今回はgaussian_kdeのデフォルト値と同じ値を設定しました。
fitメソッド
教師データを用いて学習を行います。
gaussian_kdeでカーネル密度推定を行ったあと、ラベル0の推定密度関数、ラベル1の推定密度関数……を順に格納していきます。
predictメソッド
テストデータの予測を行います。
for i in range(self.y_num):
self.p_.append(self.kernel_[i].evaluate(X.T).tolist())
ここでは、kernel_から推定密度関数を一つずつ取り出し、テストデータの確率密度を計算しています。
その後のスクリプトが何やらごちゃごちゃしています。もっと簡潔に書きたかったのですが、なかなか思い通りの挙動をしなくて……
コーディング初心者あるある。動けばよい。動くだけマシ。
というわけでオブジェクト指向のガウスカーネル密度推定分類器、完成です。
wineデータセット編
PCAとの組み合わせ
wineデータセットには特徴量が13個ありますが、標準化したあと4次元まで次元削減します。
次元削減後のデータで学習と分類を行ってみましょう。
from sklearn import datasets
from sklearn.model_selection import train_test_split
from sklearn.preprocessing import StandardScaler
from sklearn.decomposition import PCA
# データセットの読み込み
wine = datasets.load_wine()
X = wine.data
y = wine.target
# データの分割
X_train, X_test, y_train, y_test = train_test_split(X, y, test_size=0.2,
random_state=1, stratify=y)
# 標準化
sc = StandardScaler()
sc = sc.fit(X_train)
X_train_std = sc.transform(X_train)
X_test_std = sc.transform(X_test)
# 次元削減
pca = PCA(n_components=4)
X_train_pca = pca.fit_transform(X_train_std)
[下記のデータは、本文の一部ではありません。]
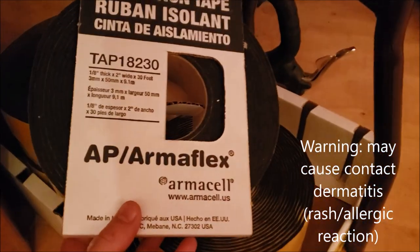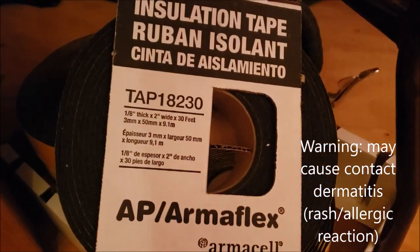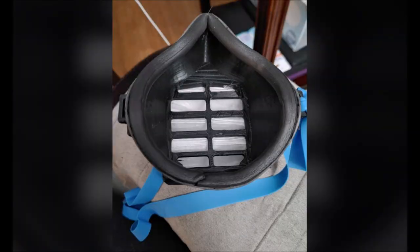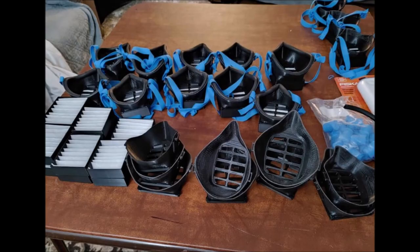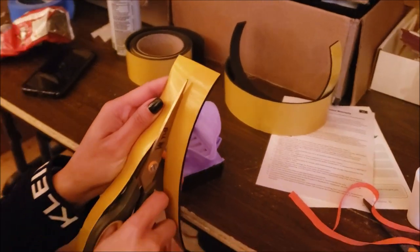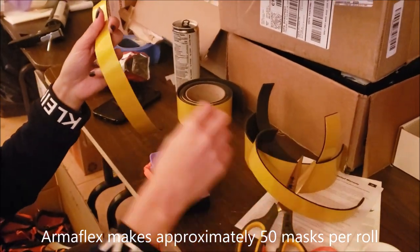The exact foam is Armiflex TAP 18230. This is another option pointed out to me by Officer Mills from the Milford PD. He's making these and sending them to Montefiore. You can make 16 masks from one roll of this on Amazon. We cut lengthwise and measure ahead of time. This material is about twelve or thirteen dollars.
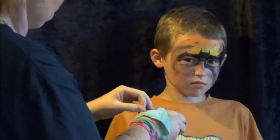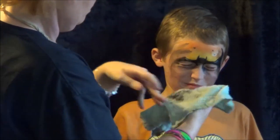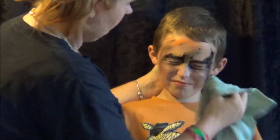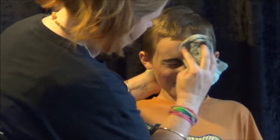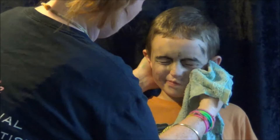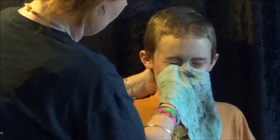Right now I've just got a little bit of gentle soap, baby soap and water on the face washer and I'm just rubbing the design off. Looking for a clean bit of cloth rather than smudging the paint all over the place. I'll have to get a bit more water and rinse that cloth out and wipe them down.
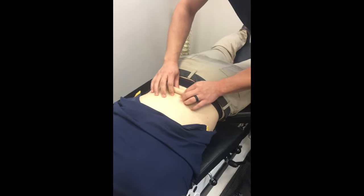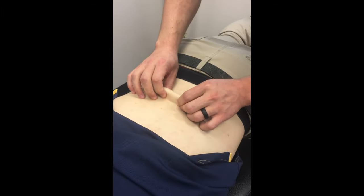So we can make sure there aren't any adhesions. You do a little skin roll test. You can see he's just a little tight.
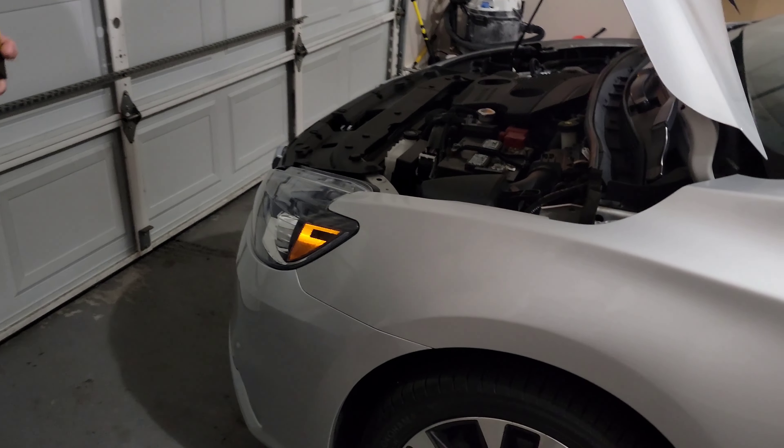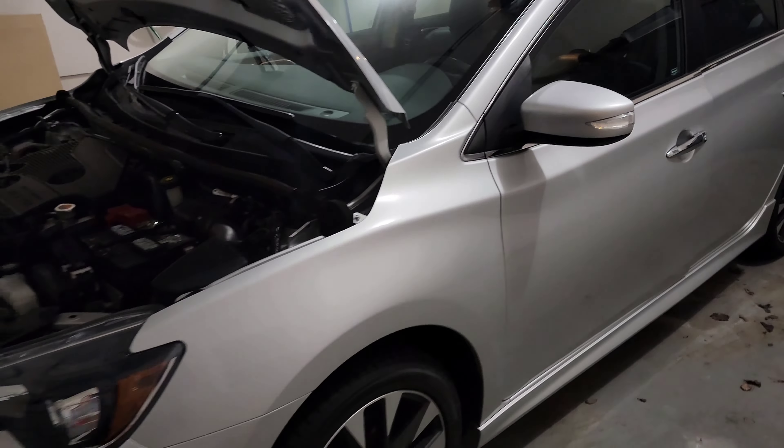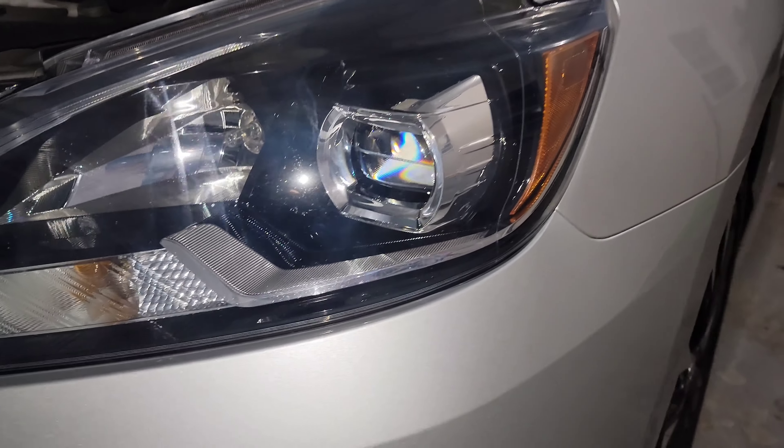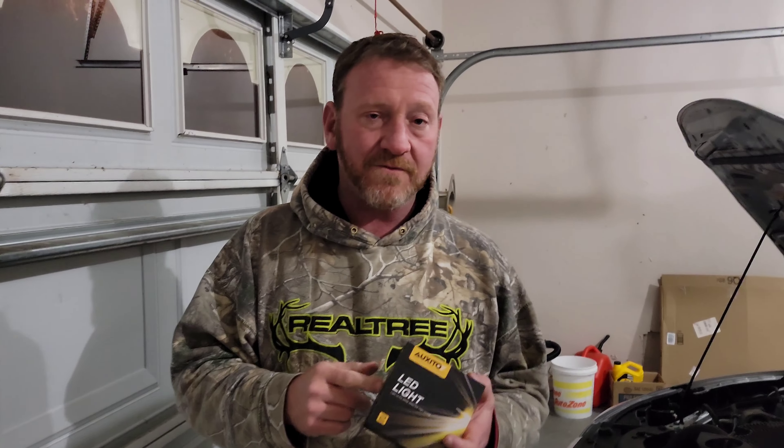Welcome back to the channel! Today we have a sponsored video featuring Oxido. We're replacing what we thought were the low beams on this 2017 Nissan Sentra SR Turbo, but it turned out to be the high beams. If you have an SR or SR Turbo with projector headlights, it has a sealed LED bulb with no rear access, and the only replaceable bulb listed is an H9 — which is the high beam. So today we're tossing in some Oxido high beam bulbs.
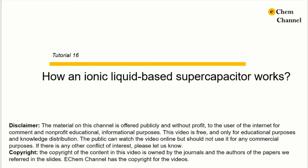Hi everyone, welcome to the eCAM channel. This is Xu Han. In our last tutorial, tutorial 15, we described how ionic liquids work in batteries. In this tutorial, we are going to show how supercapacitors work in ionic liquids.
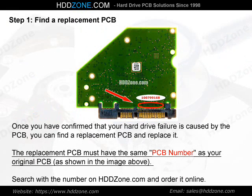Step 1: Find a Replacement PCB. Once you have confirmed that your hard drive failure is caused by the PCB, you can find a replacement PCB and replace it. The replacement PCB must have the same PCB number as your original PCB, as shown in the image above. Search with the number on HDDzone.com and order it online.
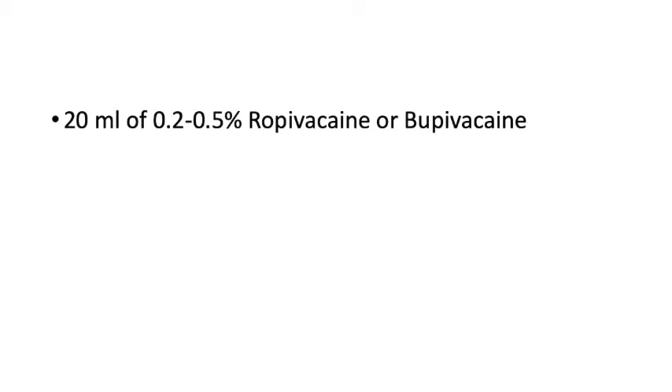Tip five is volume of drug. Some literature reports using 30–40 ml of local anesthetic, but if this spreads into the epidural space the risk of complications increases significantly. Never exceed 20 ml of ropivacaine or bupivacaine. For analgesia, use 0.2% or 0.25%; for anesthesia, use 0.5% ropivacaine or bupivacaine.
X_test_pca = pca.transform(X_test_std)
# 学習と予測
f = GKDEClassifier()
f.fit(X_train_pca, y_train)
y_pred = f.predict(X_test_pca)
結果は……?
from sklearn.metrics import accuracy_score
print(accuracy_score(y_test, y_pred))
# 0.9722222222222222
わーい。
テストデータは36個ですから、正解率は35/36。なかなかです。
次元削減なし
どうなるでしょうか。
# 学習と予測
f = GKDEClassifier()
f.fit(X_train_std, y_train)
y_pred = f.predict(X_test_std)
print(accuracy_score(y_test, y_pred))
# 0.9722222222222222
結果:同じ。
円型データセット編
円型のデータセットを作ってみました。
from sklearn.datasets import make_circles
from matplotlib import pyplot as plt
X, y = make_circles(n_samples=1000, random_state=1, noise=0.1, factor=0.2)
plt.scatter(X[y==0, 0], X[y==0, 1], c="red", marker="^", alpha=0.5)
plt.scatter(X[y==1, 0], X[y==1, 1], c="blue", marker="o", alpha=0.5)
plt.show()
中心部と外縁部でラベルが異なります。
正しく分類できるかな?
X_train, X_test, y_train, y_test = train_test_split(X, y, test_size=0.3,
random_state=1, stratify=y)
f = GKDEClassifier()
f.fit(X_train, y_train)
y_pred = f.predict(X_test)
print(accuracy_score(y_test, y_pred))
# 0.9933333333333333
結論:大勝利。
最後に
ここまでいい感じに分類できていますが、実は大事なことを忘れています。
それは、この分類方法の学術的な正しさです。次回はその議論をしようと思います。